参院議院運営委員会で所信聴取に臨む若田部昌澄早大教授(右)と雨宮正佳日銀理事=7日午後
参院議院運営委員会で所信聴取に臨む若田部昌澄早大教授(右)と雨宮正佳日銀理事=7日午後【拡大】

 日銀の次期副総裁候補の若田部昌澄早大教授は7日、参院議院運営委員会の所信聴取に臨んだ。日銀が2019年度ごろと見込む物価上昇率2%の達成時期を先送りするような場合には追加金融緩和策を検討し、現行策の強化に加え、新たな政策も対象になるとの考えを表明した。

 日銀は2%上昇を目指し、長期金利を0%程度に抑えるため大量の国債を購入し、上場投資信託(ETF)なども買い入れている。

 追加緩和をする場合の手法として、短期金利のマイナス0.1%をさらに引き下げることに関し、同じ副総裁候補の雨宮正佳日銀理事は「技術的には可能だが、効果と副作用を注意深く点検することが必要だ」と慎重な姿勢を示した。

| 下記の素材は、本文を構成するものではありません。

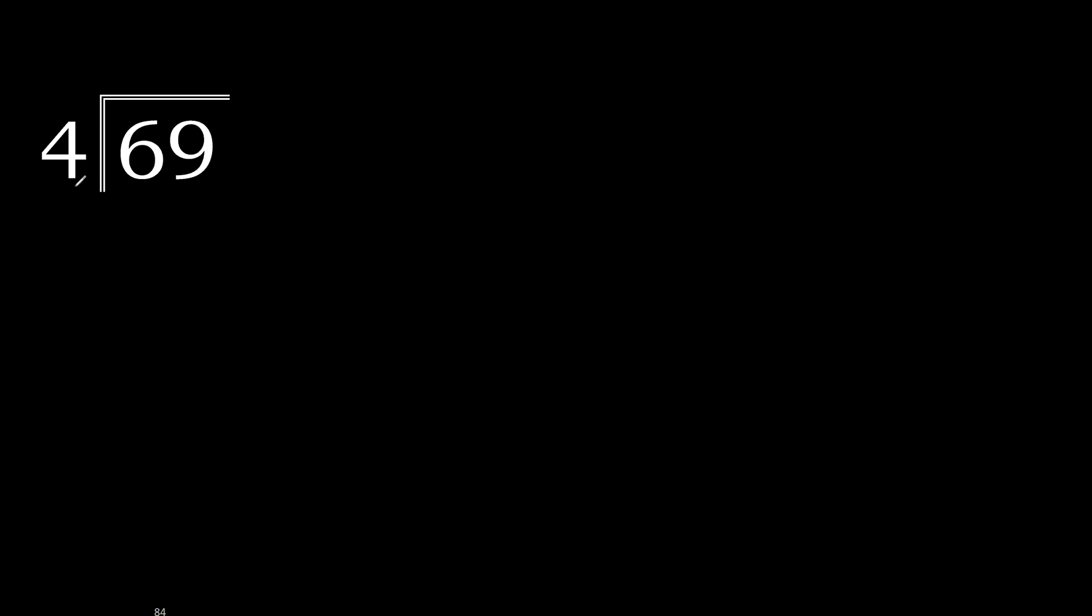69 divided by 4. 6 is not less, therefore with 6, 4 multiply by which number is nearest to 6, but not greater.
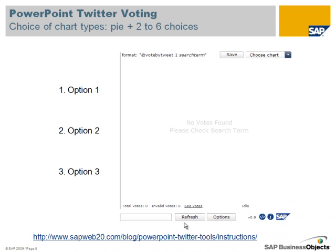It works in a very similar way to the feedback slide. You need to choose a search text that you're going to give to people, and they're going to use that to vote via Twitter. So in this case, it's simply 'vote example'.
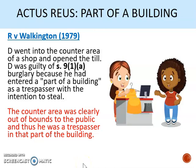The court in Walkington said that the counter area was clearly out of bounds to the public and therefore he was a trespasser in that part of the building. This is an important case because it shows that you might be welcome in a particular room or place in a building, but not necessarily in all of it. For example, in a college you are welcome in the classroom, but storerooms or the area behind the teacher's desk would be classed as part of a building for burglary.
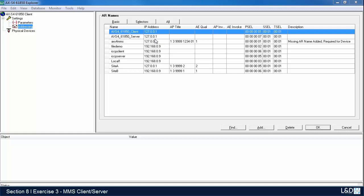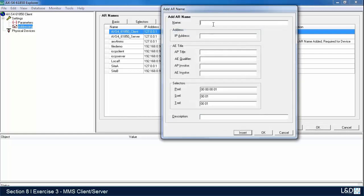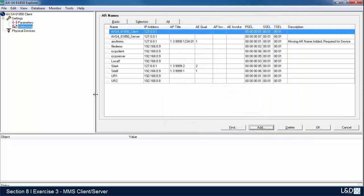To add a relay, select add and give it a name. I'll call it UR1. Insert the IP address. If you want to insert another one, select insert. I'll change the IP address of the second one, select OK, and now I have them both populated here. Select OK.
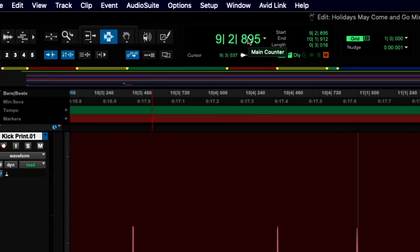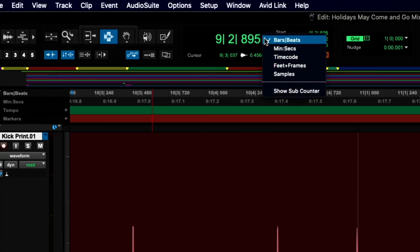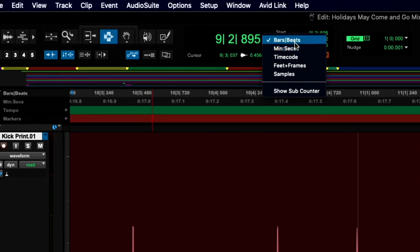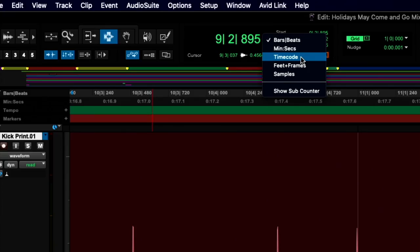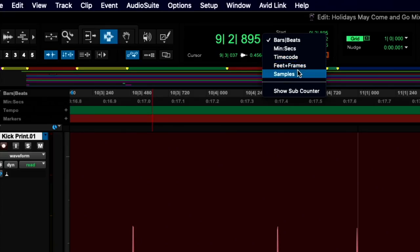In the main edit window, you'll notice there's a main counter up above. This keeps track of time in several different forms: minutes and seconds, bars and beats according to the tempo, timecode, feet and frames for video, and samples.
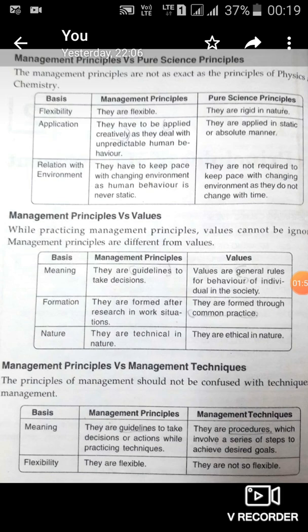The next point is that management principles have to keep pace with the changing environment. However, pure science principles are not required to keep pace with the changing environment.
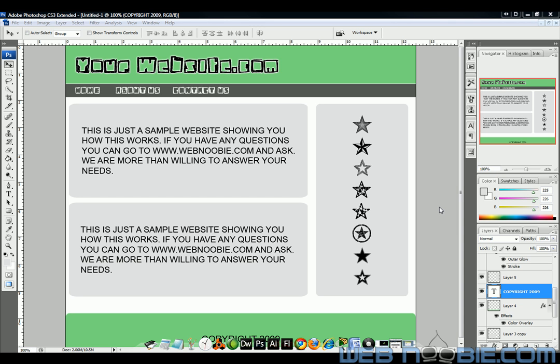Welcome to another tutorial by webnewbie.com. Today's tutorial we're going to cover slicing and dicing up this website I've created in Photoshop and placing it into Dreamweaver. This is a pretty simple way to create a website. Lots of people are doing it. Everybody's doing it. Why shouldn't you do it, right?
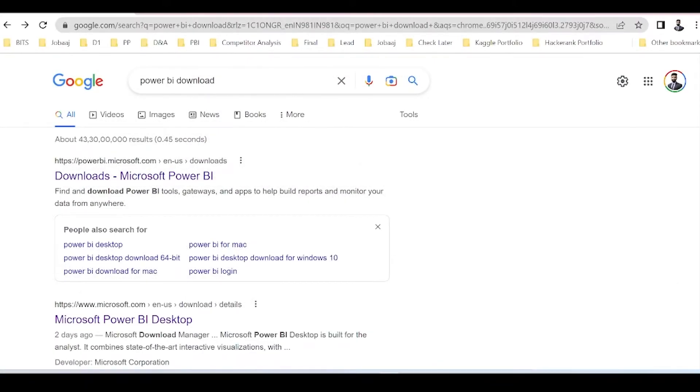Hello everyone. My name is Rakshit. Welcome to Jawbaj Learnings, and in this video we will learn how to download and install Microsoft Power BI for Windows.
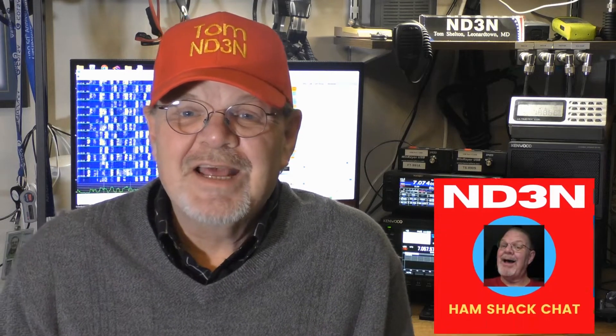Hey y'all, Tom ND3N here, and thanks for dropping by my little shack in the corner for a ham shack chat. This time I'm announcing the FT Roundup Contest. A link to the complete rules for this contest is down in the video description. This contest is for FT4 and FT8 enthusiasts and runs over the first weekend in December.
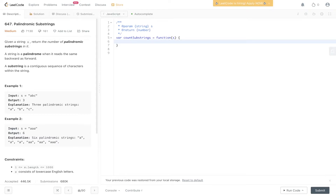Question 647 of LeetCode: palindromic substrings. Given a string S, return the number of palindromic substrings in it. A string is a palindrome when it reads the same backwards as forwards. A substring is a contiguous sequence of characters within the string.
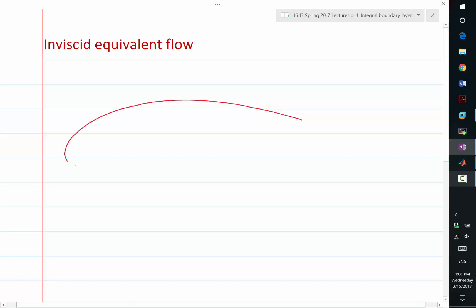So I'm going to draw an exaggerated boundary layer. So this is an airfoil. The boundary layer here is let's say like that. So we have been considering the velocity at the outside of the boundary layer as UE.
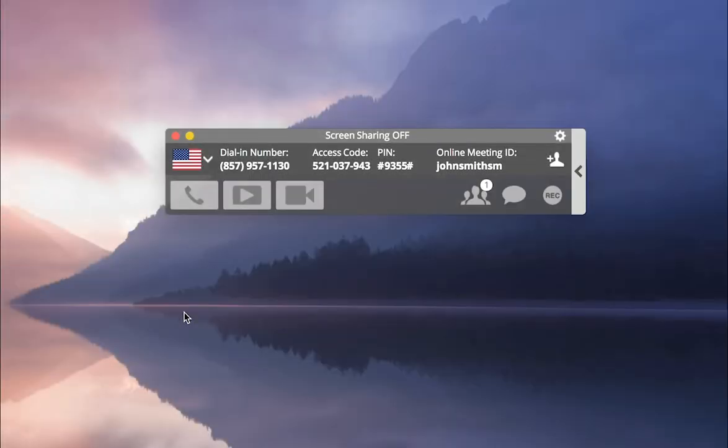When the meeting dashboard appears, start screen sharing by clicking Play, or show your video by clicking Camera.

 積極的な金融緩和で経済成長を目指す「リフレ派」の若田部氏は、消費者や企業のデフレ心理が根強いため2%目標の実現は「難事業だ」と分析した。また政府が目標に掲げる名目国内総生産(GDP)600兆円をめぐって、GDPを政策目標にできるかどうか「日銀でも研究できるのではないか」と述べた。

 雨宮氏は、大規模緩和導入から5年たっても2%目標を達成できず「大変残念。じくじたる思いだ」と語った。地方銀行の収益圧迫など緩和策の副作用を点検して「適切な政策運営に努める」としたが、現状は効果が上回るとして大規模緩和を続ける姿勢を示した。

 衆参両院はこの日で日銀正副総裁候補の所信聴取を終えた。両院とも与党が多数を占めており、黒田東彦総裁が続投する人事案が承認される見通しだ。